WORK REQUEST
In the entries below, find the line containing "Personalizado de madera" and the line containing "UN NOUVEAU CLUB À SAVIGNEUX (42)". Copy those two lines and everything between them exactly, without the pictures.

MATERIAL FOR THIS TASK
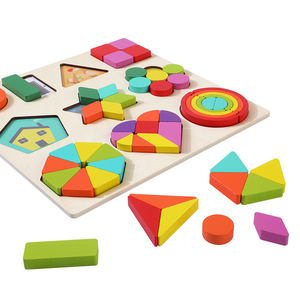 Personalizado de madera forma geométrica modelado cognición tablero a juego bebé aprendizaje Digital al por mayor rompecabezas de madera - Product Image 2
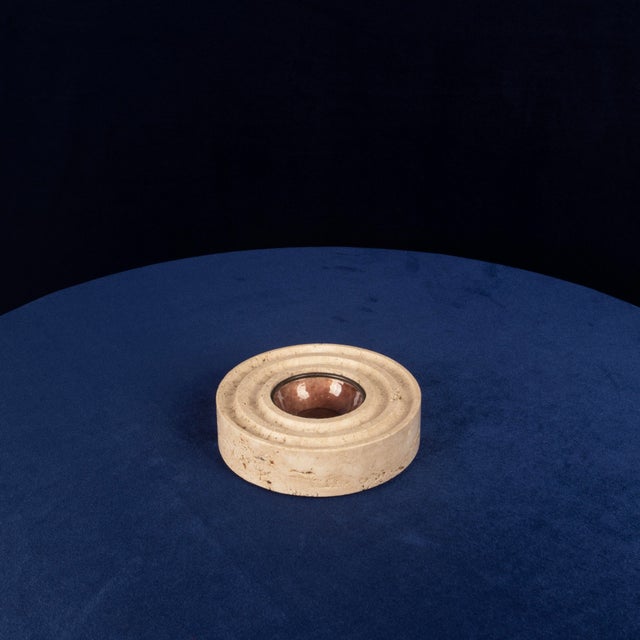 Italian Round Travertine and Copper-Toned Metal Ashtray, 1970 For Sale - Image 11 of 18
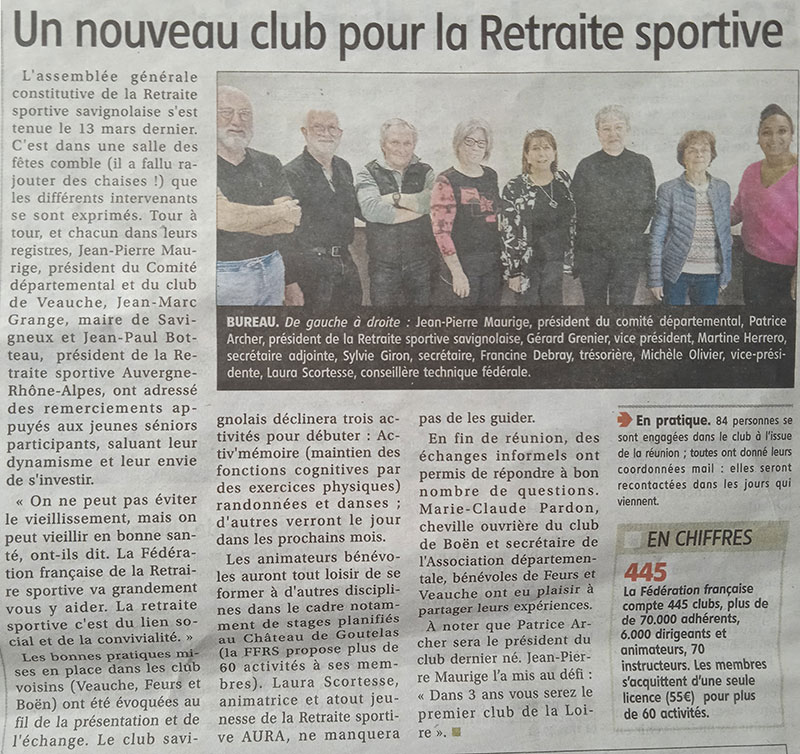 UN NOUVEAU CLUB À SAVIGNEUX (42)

--

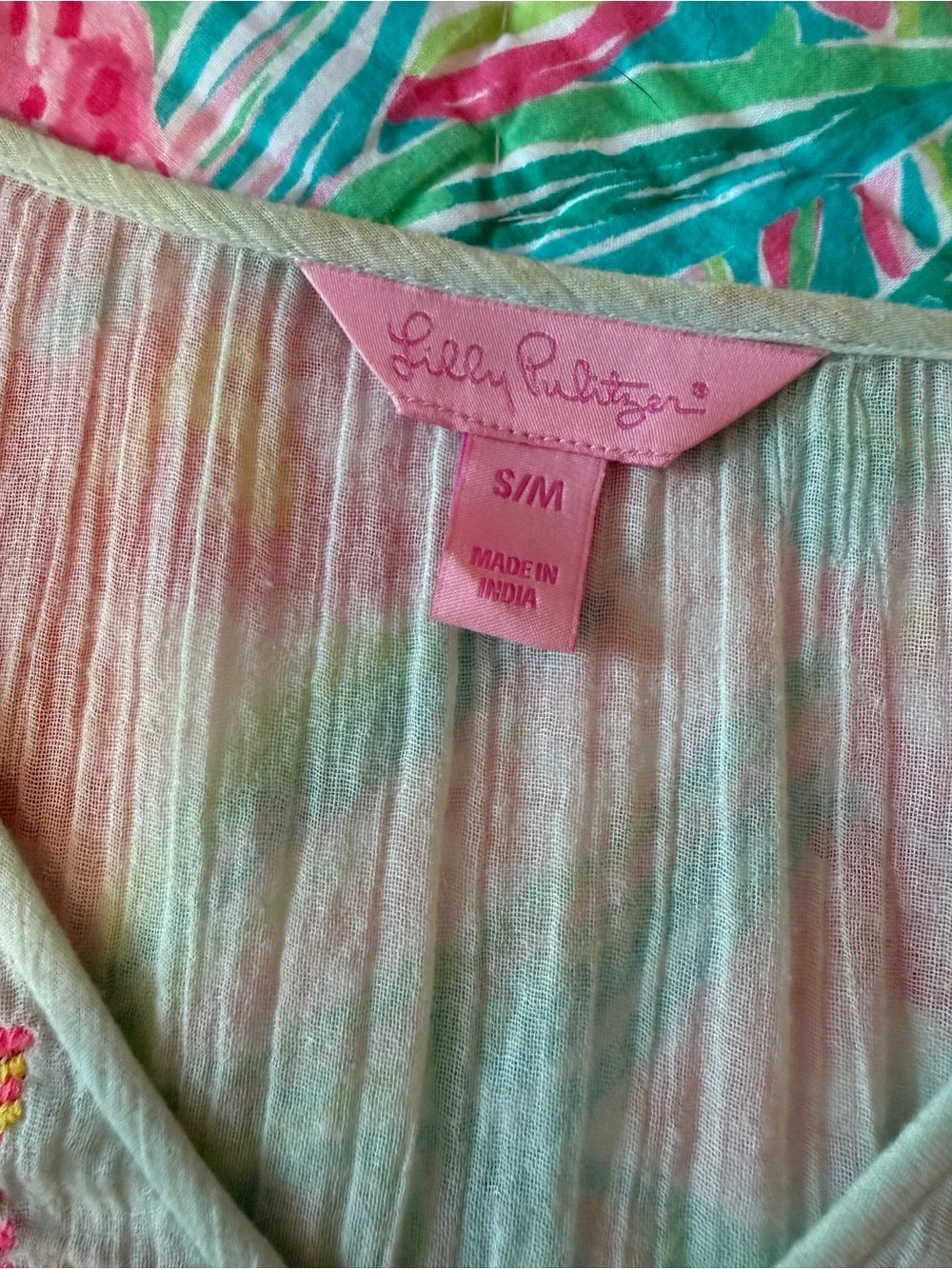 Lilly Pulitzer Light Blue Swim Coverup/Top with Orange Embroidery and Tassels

ANSWER TO THIS PROBLEM
 Personalizado de madera forma geométrica modelado cognición tablero a juego bebé aprendizaje Digital al por mayor rompecabezas de madera - Product Image 2
 Italian Round Travertine and Copper-Toned Metal Ashtray, 1970 For Sale - Image 11 of 18
 UN NOUVEAU CLUB À SAVIGNEUX (42)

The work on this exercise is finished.